Transcribe the full listing without changing a word, and omit its pictures.

Data provided Block Start

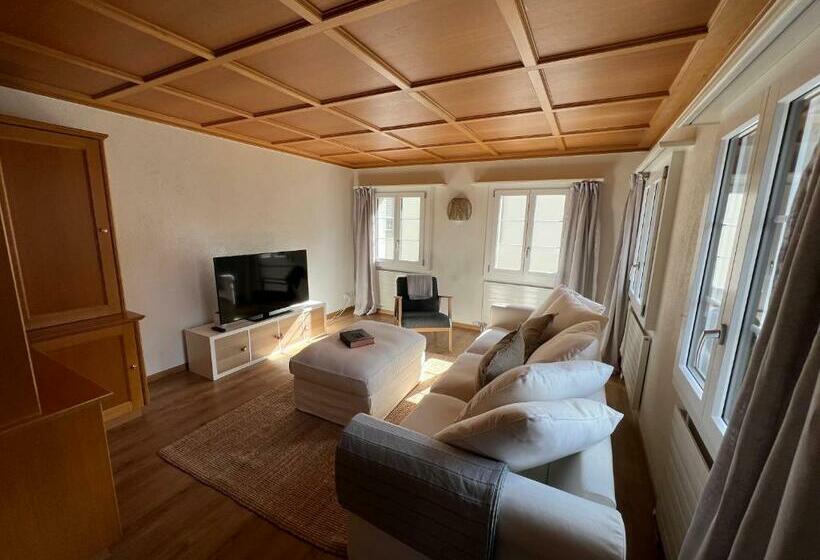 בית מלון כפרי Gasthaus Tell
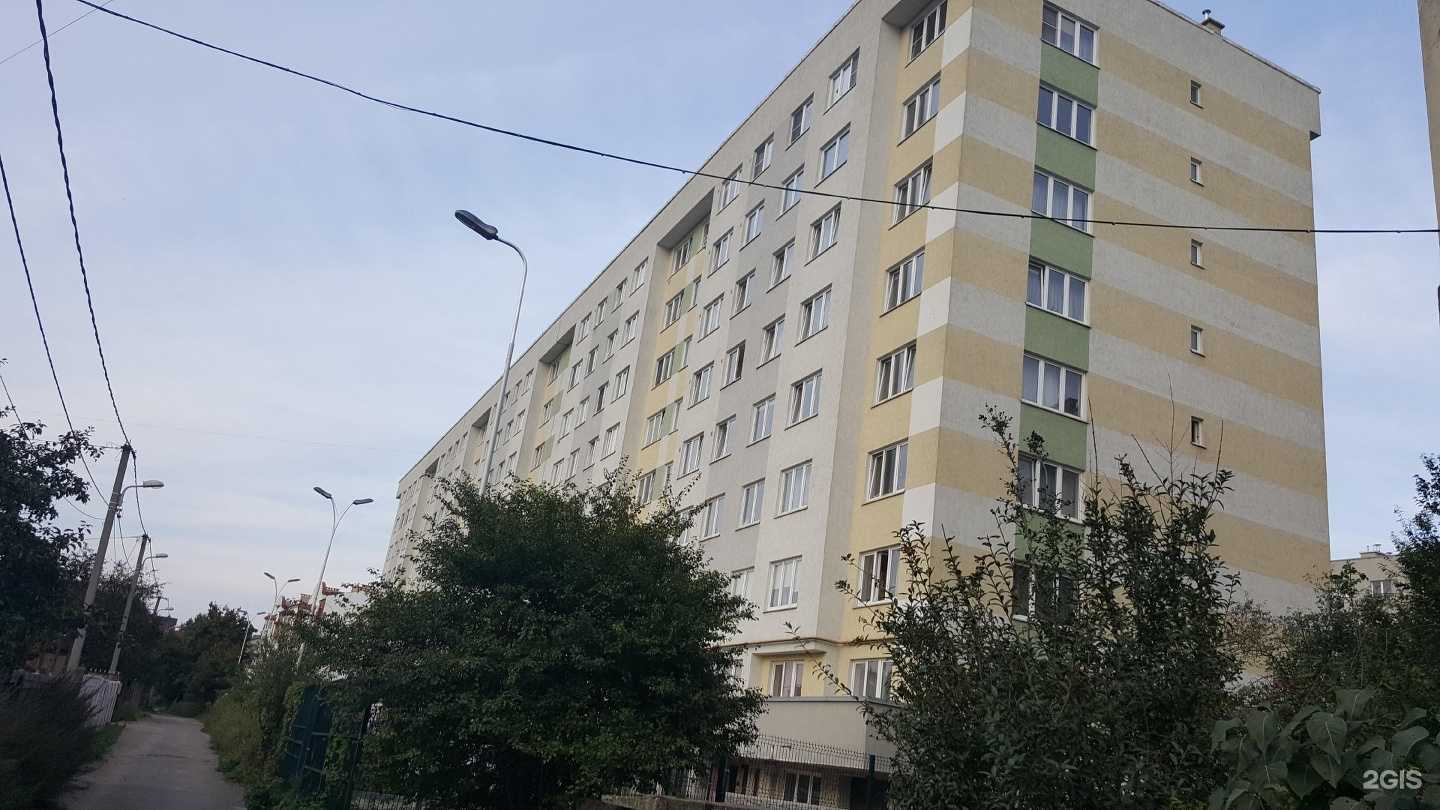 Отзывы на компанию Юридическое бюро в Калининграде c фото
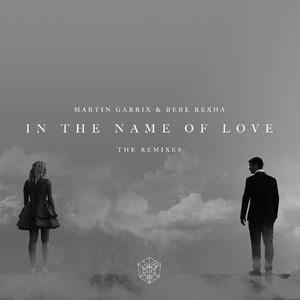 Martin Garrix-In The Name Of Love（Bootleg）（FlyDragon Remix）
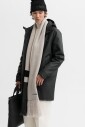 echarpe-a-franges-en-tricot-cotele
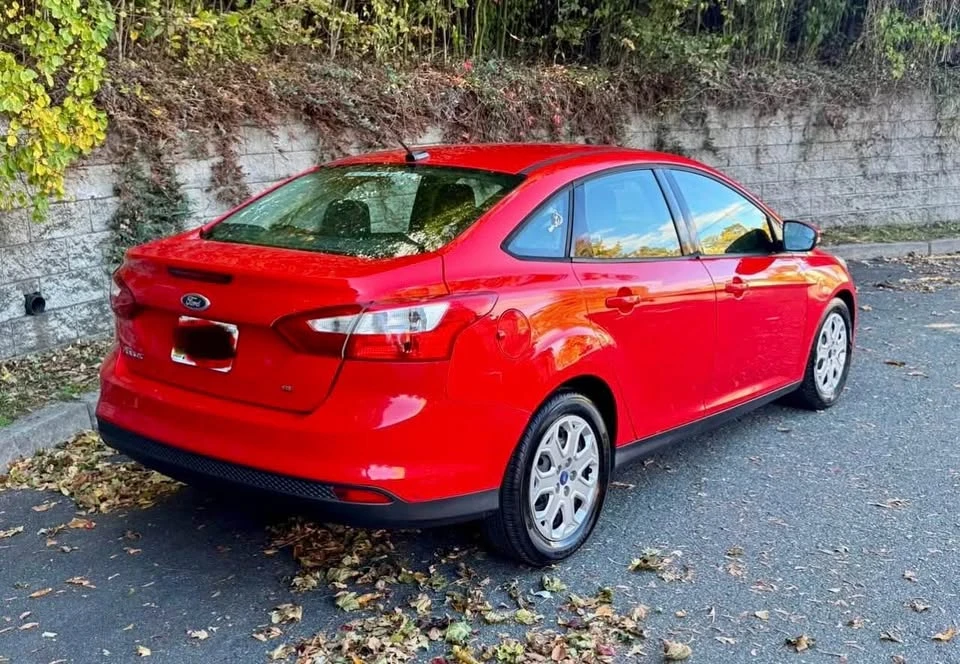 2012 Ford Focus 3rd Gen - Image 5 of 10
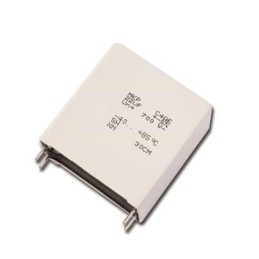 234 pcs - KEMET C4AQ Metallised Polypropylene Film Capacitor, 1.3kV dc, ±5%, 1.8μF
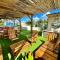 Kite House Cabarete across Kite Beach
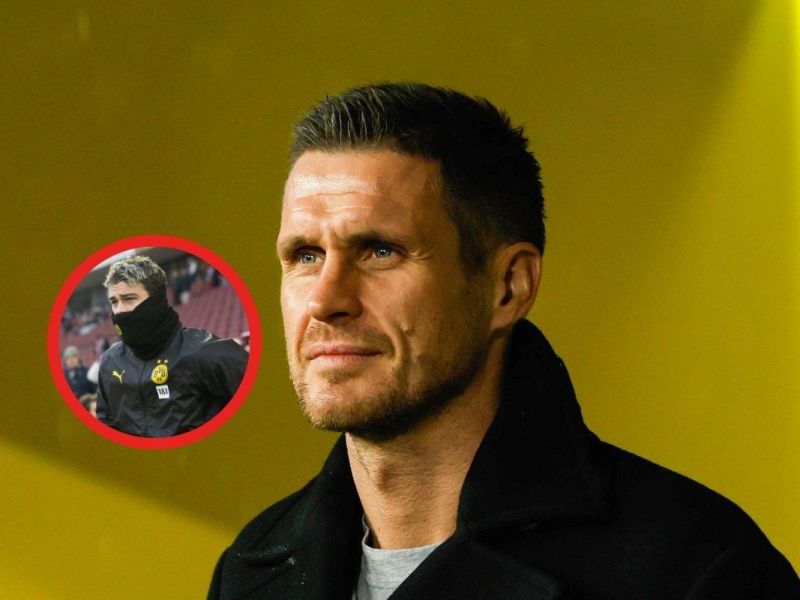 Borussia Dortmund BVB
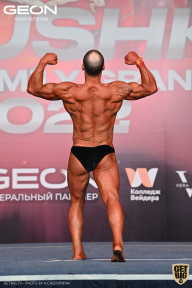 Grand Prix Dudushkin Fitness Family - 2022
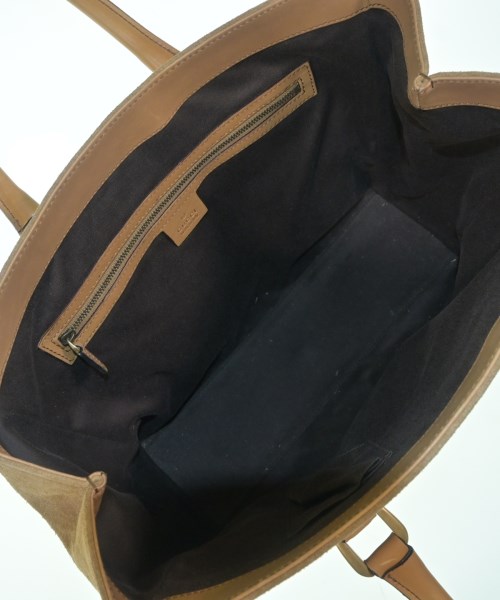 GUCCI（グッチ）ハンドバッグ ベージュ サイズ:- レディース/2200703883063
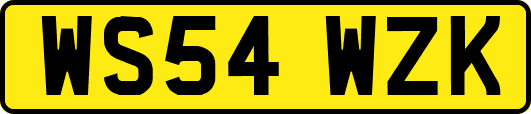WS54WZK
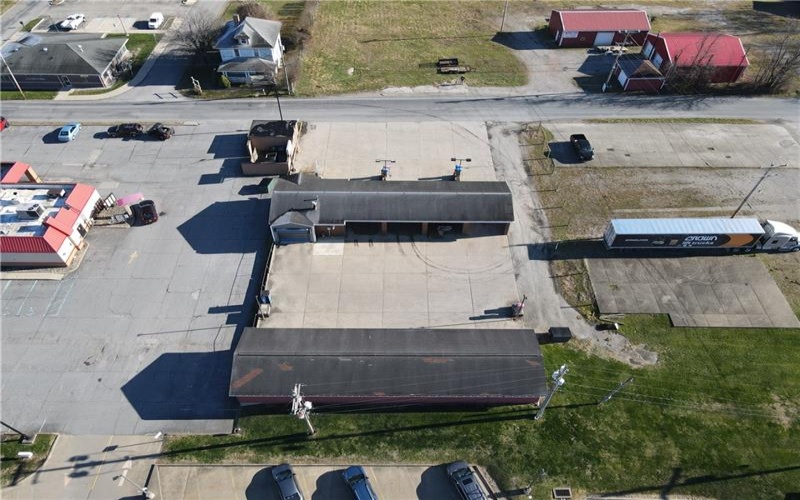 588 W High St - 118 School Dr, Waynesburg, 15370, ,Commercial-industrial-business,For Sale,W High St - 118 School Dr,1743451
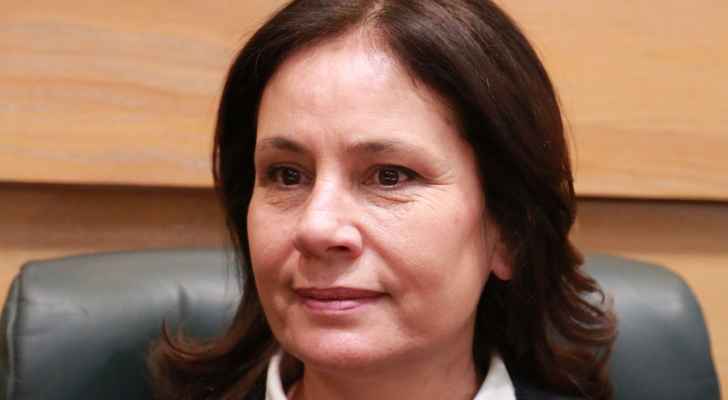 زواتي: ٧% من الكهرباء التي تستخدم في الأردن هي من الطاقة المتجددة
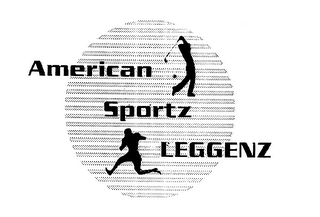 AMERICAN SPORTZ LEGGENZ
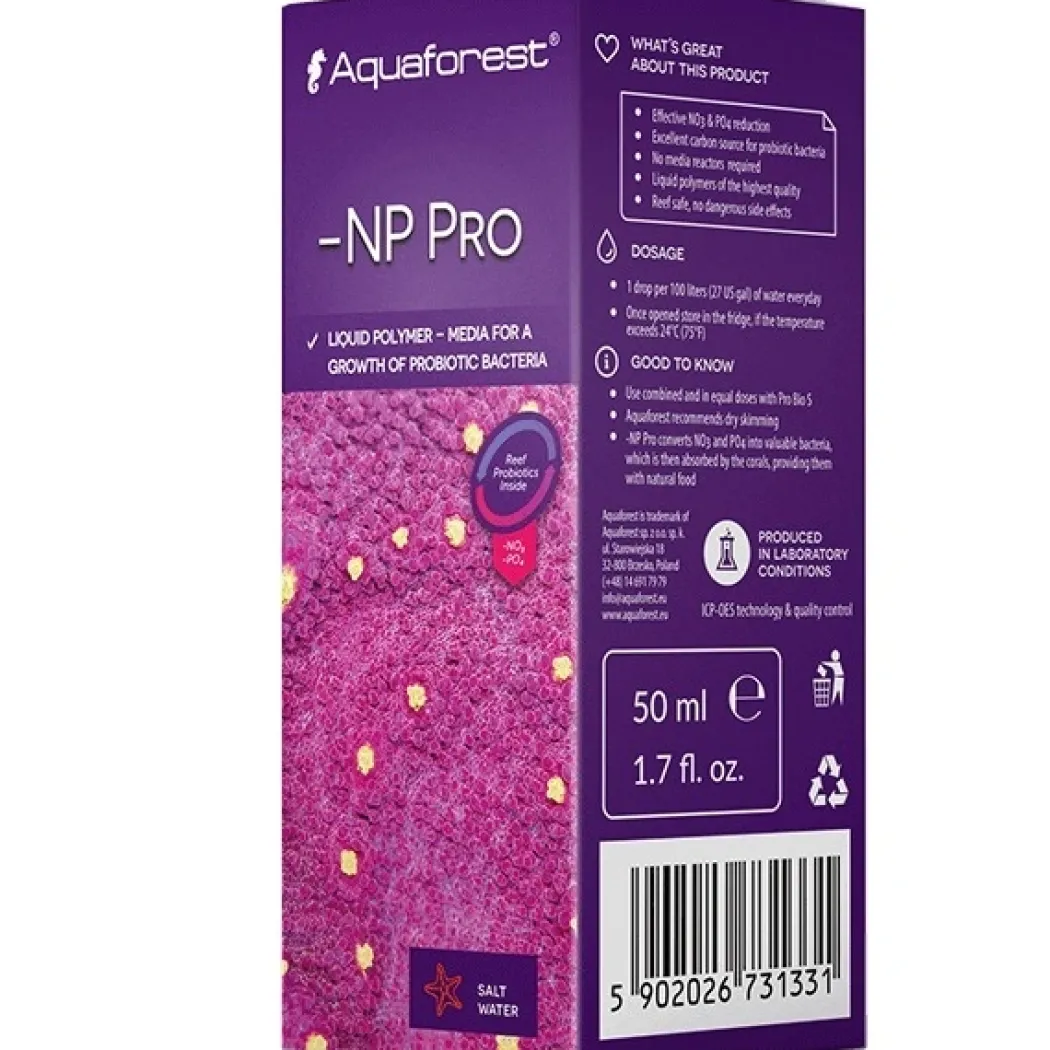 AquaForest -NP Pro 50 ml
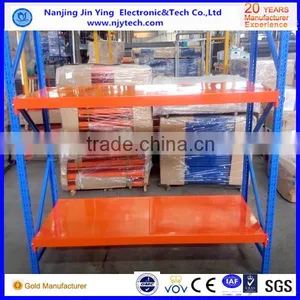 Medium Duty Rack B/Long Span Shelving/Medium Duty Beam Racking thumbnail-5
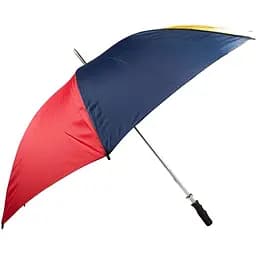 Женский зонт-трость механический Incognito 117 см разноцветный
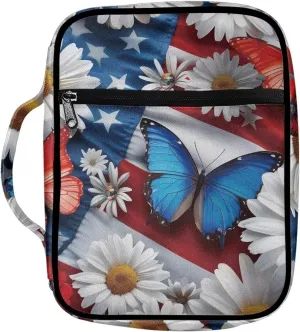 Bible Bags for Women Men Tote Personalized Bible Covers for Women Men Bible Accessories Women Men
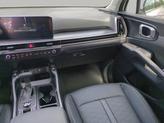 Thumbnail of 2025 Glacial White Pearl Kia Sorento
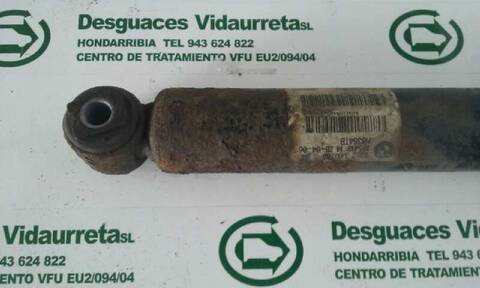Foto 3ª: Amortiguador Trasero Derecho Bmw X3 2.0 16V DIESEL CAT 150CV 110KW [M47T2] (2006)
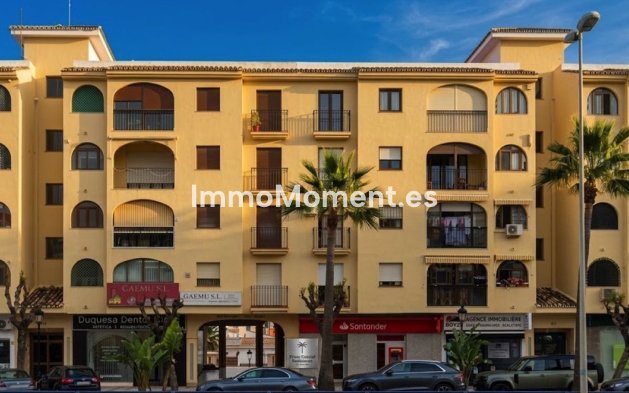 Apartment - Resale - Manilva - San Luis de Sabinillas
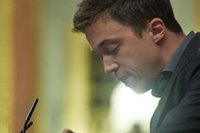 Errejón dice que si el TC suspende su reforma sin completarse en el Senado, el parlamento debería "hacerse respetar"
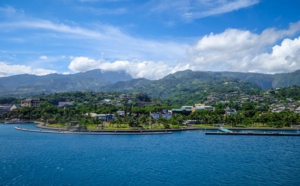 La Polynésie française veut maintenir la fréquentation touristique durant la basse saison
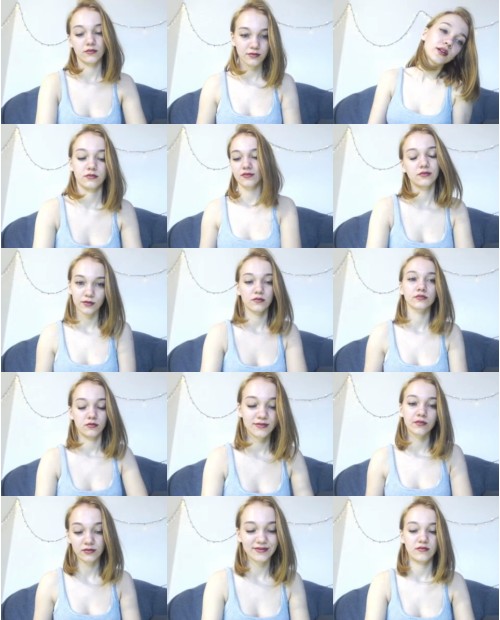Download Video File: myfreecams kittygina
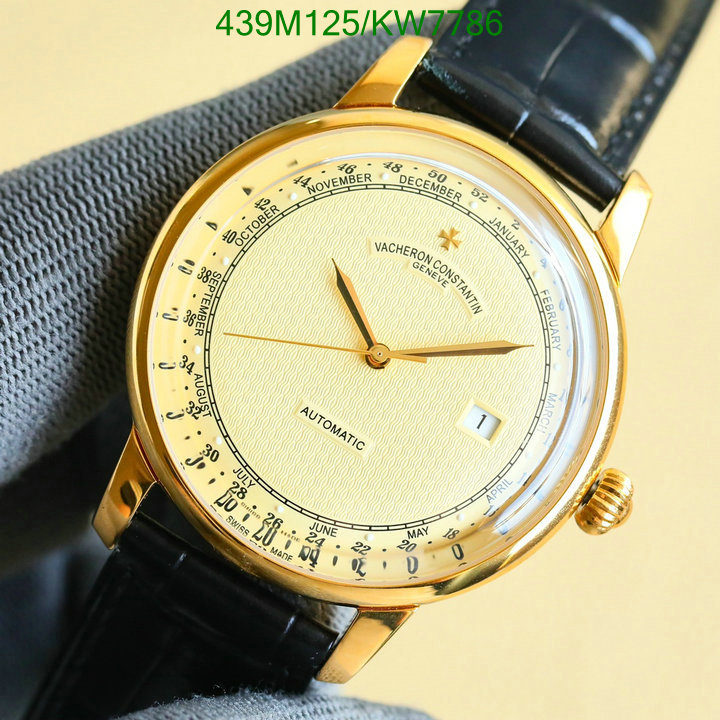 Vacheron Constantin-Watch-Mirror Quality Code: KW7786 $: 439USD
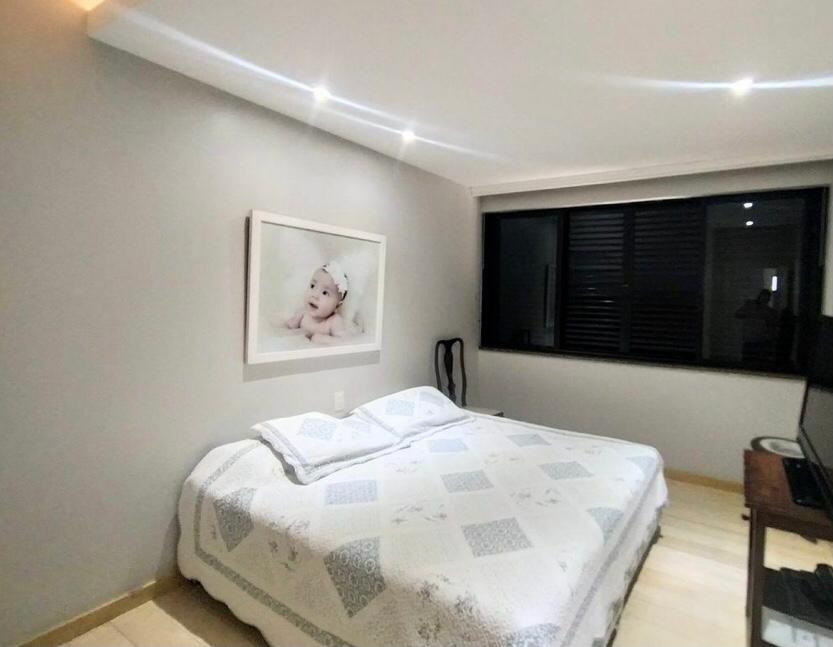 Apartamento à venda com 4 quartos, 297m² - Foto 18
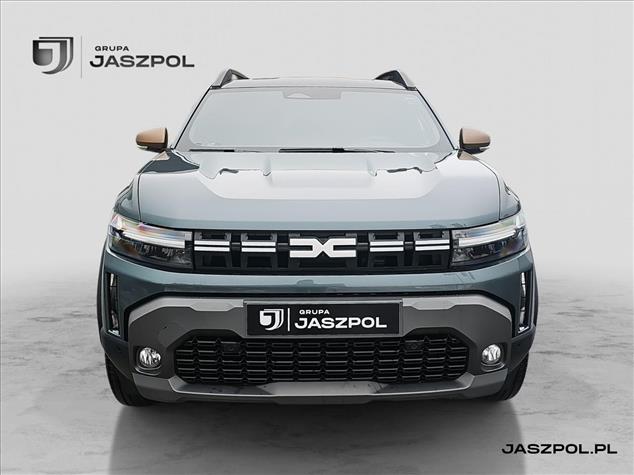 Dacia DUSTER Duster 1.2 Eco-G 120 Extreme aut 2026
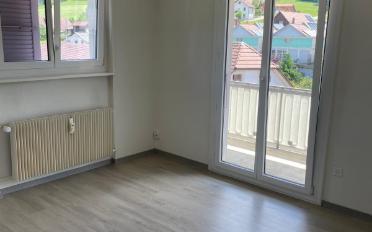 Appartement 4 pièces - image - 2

Data provided Block End

## Exercise result
 בית מלון כפרי Gasthaus Tell
 Отзывы на компанию Юридическое бюро в Калининграде c фото
 Martin Garrix-In The Name Of Love（Bootleg）（FlyDragon Remix）
 echarpe-a-franges-en-tricot-cotele
 2012 Ford Focus 3rd Gen - Image 5 of 10
 234 pcs - KEMET C4AQ Metallised Polypropylene Film Capacitor, 1.3kV dc, ±5%, 1.8μF
 Kite House Cabarete across Kite Beach
 Borussia Dortmund BVB
 Grand Prix Dudushkin Fitness Family - 2022
 GUCCI（グッチ）ハンドバッグ ベージュ サイズ:- レディース/2200703883063
WS54WZK
 588 W High St - 118 School Dr, Waynesburg, 15370, ,Commercial-industrial-business,For Sale,W High St - 118 School Dr,1743451
 زواتي: ٧% من الكهرباء التي تستخدم في الأردن هي من الطاقة المتجددة
 AMERICAN SPORTZ LEGGENZ
 AquaForest -NP Pro 50 ml
 Medium Duty Rack B/Long Span Shelving/Medium Duty Beam Racking thumbnail-5
 Женский зонт-трость механический Incognito 117 см разноцветный
 Bible Bags for Women Men Tote Personalized Bible Covers for Women Men Bible Accessories Women Men
 Thumbnail of 2025 Glacial White Pearl Kia Sorento
Foto 3ª: Amortiguador Trasero Derecho Bmw X3 2.0 16V DIESEL CAT 150CV 110KW [M47T2] (2006)
 Apartment - Resale - Manilva - San Luis de Sabinillas
 Errejón dice que si el TC suspende su reforma sin completarse en el Senado, el parlamento debería "hacerse respetar"
 La Polynésie française veut maintenir la fréquentation touristique durant la basse saison
Download Video File: myfreecams kittygina
 Vacheron Constantin-Watch-Mirror Quality Code: KW7786 $: 439USD
 Apartamento à venda com 4 quartos, 297m² - Foto 18
 Dacia DUSTER Duster 1.2 Eco-G 120 Extreme aut 2026
 Appartement 4 pièces - image - 2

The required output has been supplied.